YOUR INSTRUCTIONS -> What is needed is a word-for-word copy of the lines below from the one with "Limetten geben der" through the one with "Entry Way - 954", both included, with every picture left out.
---------- DATA
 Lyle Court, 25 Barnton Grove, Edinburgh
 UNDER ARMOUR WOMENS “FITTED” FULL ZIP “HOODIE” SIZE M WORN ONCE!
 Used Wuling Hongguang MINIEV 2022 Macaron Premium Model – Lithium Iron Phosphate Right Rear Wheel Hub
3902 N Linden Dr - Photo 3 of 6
--------------------
---------- DATA
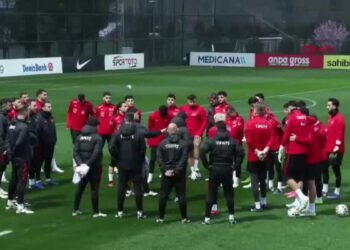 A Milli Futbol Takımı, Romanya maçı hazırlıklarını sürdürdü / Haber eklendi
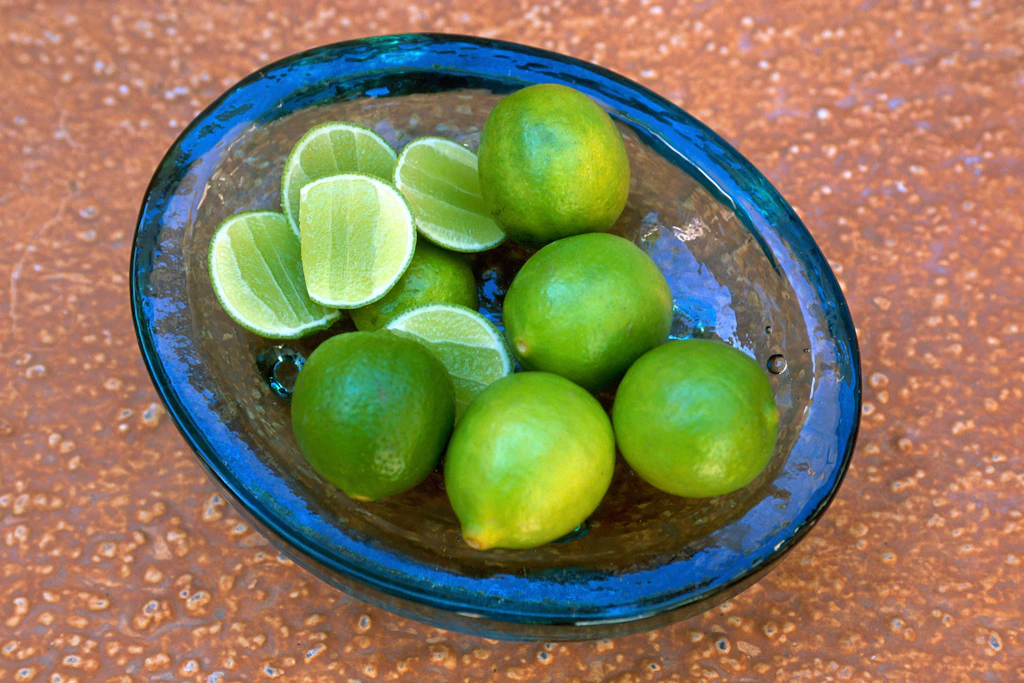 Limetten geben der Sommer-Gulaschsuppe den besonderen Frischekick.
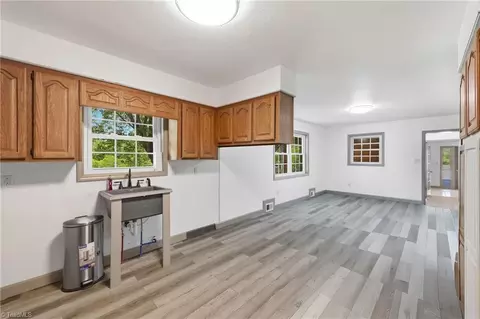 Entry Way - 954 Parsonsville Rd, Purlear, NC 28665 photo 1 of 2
--------------------
EXERCISE ANSWER ->
 Limetten geben der Sommer-Gulaschsuppe den besonderen Frischekick.
 Entry Way - 954 Parsonsville Rd, Purlear, NC 28665 photo 1 of 2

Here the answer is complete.